■ **Requirement**:
Return the data exactly, without pictures.

■ **Dataset content**:
-----

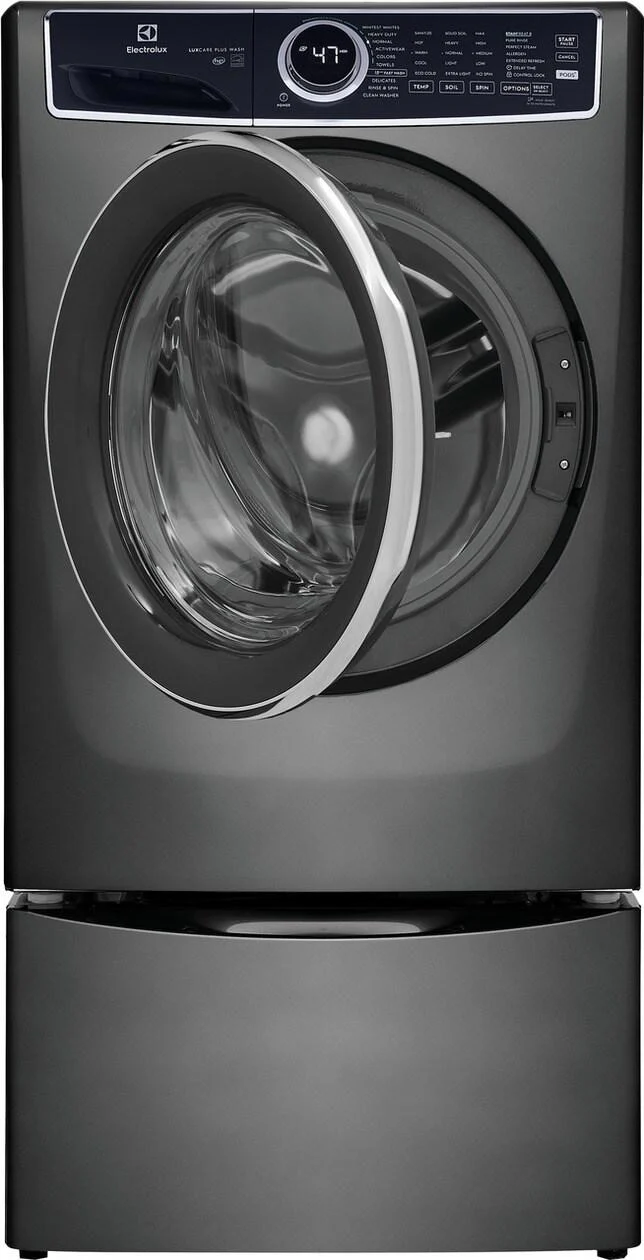 Electrolux ELFW7537AT Front Load Perfect Steam™ Washer with LuxCare® Plus Wash - 4.5 Cu. Ft. - Image 24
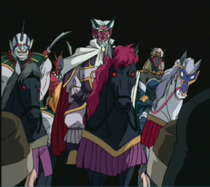 TheFourDemonKings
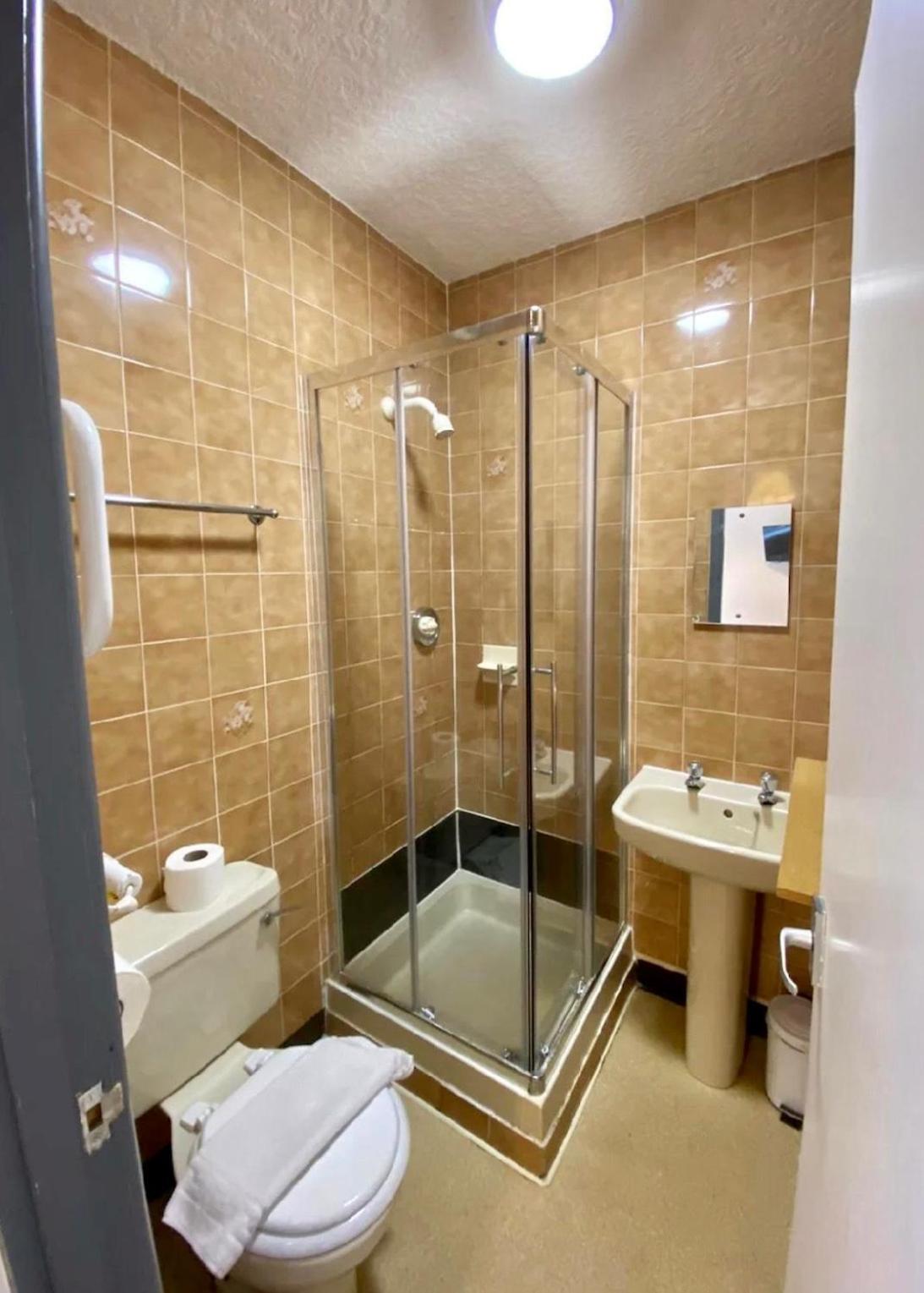 Alumhurst Hotel Блэкпул Экстерьер фото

-----

■ **Task answer**:
 Electrolux ELFW7537AT Front Load Perfect Steam™ Washer with LuxCare® Plus Wash - 4.5 Cu. Ft. - Image 24
 TheFourDemonKings
 Alumhurst Hotel Блэкпул Экстерьер фото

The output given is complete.